Una prima distinzione: il pensiero di sinistra e quello marxiano non si abbeverano alla stessa sorgente né nascono con rivendicazioni  identiche. L’ uno rimanda ai principi e ai fatti del 1789 e all’illuminismo, l’altro  al 48 e al  71 (tutte rivolte presto fallite) e ai principi dialettici del idealismo tedesco in parte corretti nel materialismo storico.
 
Dove Marx contestava Saint-Simon, Blanqui, Proudhon, fisiocratici, programmi di  Gotha e denunciava in tempo reale i limiti di un certo feticismo economico-sindacale e  statalista-democratico, Lassalle Kautsky ed Engels fondavano la socialdemocrazia  tedesca.
 
Un po’ più tardi, le grandi pressioni poste dalla prassi sociale che Lenin  riuscì a stento a contenere nel  periodo 1917-21 trovarono adeguata espressione nel avvento di Stalin.
 
Da questi due momenti in poi sinistra politica e epigoni marxiani sono paradossalmente assimilabili.
 
Per quanto importanti siano le influenze geo-politiche per il peso che hanno sempre avuto nella storia  nazionale ed europea, poiché quello che manca è una reale autonomia di pensiero ( e  di classe, di soggettività antagonista, in assenza della stessa) preferisco, lo  prescrivo per me stesso, circoscrivere l’indagine al processo dialettico interno alla  sinistra e al comunismo italiani ed europei del 900, intesi come ultimo momento formalmente antagonista alla saturazione capitalista.
 
Mi pare che l’ oscillazione ideologica fra evoluzione socialdemocratica  o sovietica sia solo apparente: a Yalta la  determinazione di campo per l’Italia fu più che chiara,  ma si decise (la “doppiezza” togliattiana) di  non assumerla responsabilmente e di non farne cosa di dominio pubblico. Conseguentemente il “comunismo”  del PCI da allora in poi fu solo un mito di mobilitazione delle masse, così insostenibile e  sottile da essere presto soppiantato da un altro mito, più concreto e mobilitante: l’ antifascismo.
 
Falsa anche la concomitante  opposizione fra economie: collettivismo stalinista e  capitalismo privatista in declinazione socialdemocratica, sono polarità solo  grossolanamente antagoniste, unite  intrinsecamente dalla accettazione della stessa  fenomenologia: merce, denaro, mercato, stato burocratizzato -oppure società civile  statalizzata- come forme di sviluppo dinamico dell’ accumulazione originaria, in assenza  o in presenza controllata di concorrenza fra capitali.
 
La socialdemocrazia non è mai stata  una terza via, era real politik: certo si accordava  istantaneamente  con le esigenze dell’ esistente prassi sociale incentrata sul profitto,  anche nei suoi momenti dialettici di monetizzazione sindacale del conflitto di classe.
 
Prediligo dare precedenza all’ analisi dei processi interni, sociali ed ideologici,  di mutazione “antropologica” (Pasolini con quella definizione non ci ha fatto un favore: preferisco dire adattamento storico-sociale) dei vertici e della base politica, qui trascurata.

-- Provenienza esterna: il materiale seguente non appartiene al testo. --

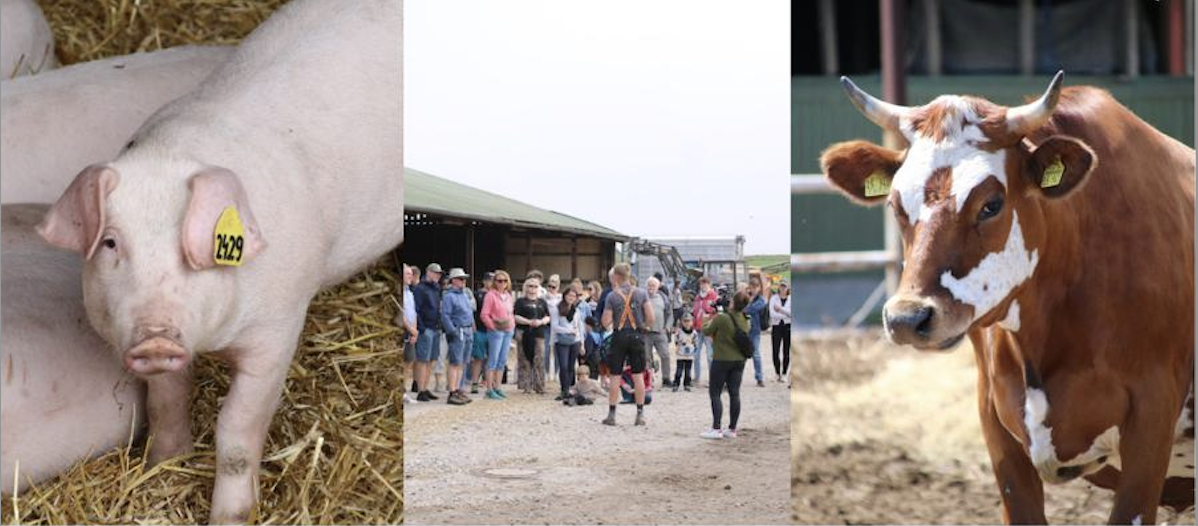 Sommerfest auf dem Hof Martinen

Non mi concentrerei invece sui complotti  Cia, i persuasori occulti o i cedimenti etici interni:  evocare “l’eterno principio corruttore esogeno” è, per il pensiero  di sinistra e comunista novecentesco, abitudine fissa, ci si attorciglia nella immancabile tautologia  di marca moralista, impedendo così libere -e spregiudicate, perché  lo richiede il momento e non per amore del velleitario- analisi critiche e le auspicate sintesi politiche.
 
Direi, per riassumere, che in Italia le mendaci opposizioni dialettiche del secolo breve  sono durate più a lungo che altrove, ma hanno trovato (la storia del PCI è esemplare) uno  svincolo più rapido e assoluto una volta che la prassi sociale le ha definitivamente accantonate (vicenda ben riassunta da quella di Napolitano)
 
A mio avviso bisogna proprio sbarazzarsi criticamente della sinistra e del comunismo novecentesco: in  particolare proprio dell’ immagine, di quella particolare rappresentazione  del conflitto di classe -per come la storia passata lo ha configurato- che ha il proprio centro nel comprensibile ma oggi ininfluente aspetto fortemente resistenziale.

 Proprio perché oggi non possiamo che usare categorie già fatte proprie dal dominio, questo è per noi il cerchio di gesso da trapassare.
 
Dopo che non rimarrà pietra su pietra dell’ edificio concettuale della sinistra e del comunismo novecentesco potremo forse, se i tempi lo richiederanno,  conservare-superare alcune categorie di quel pensiero.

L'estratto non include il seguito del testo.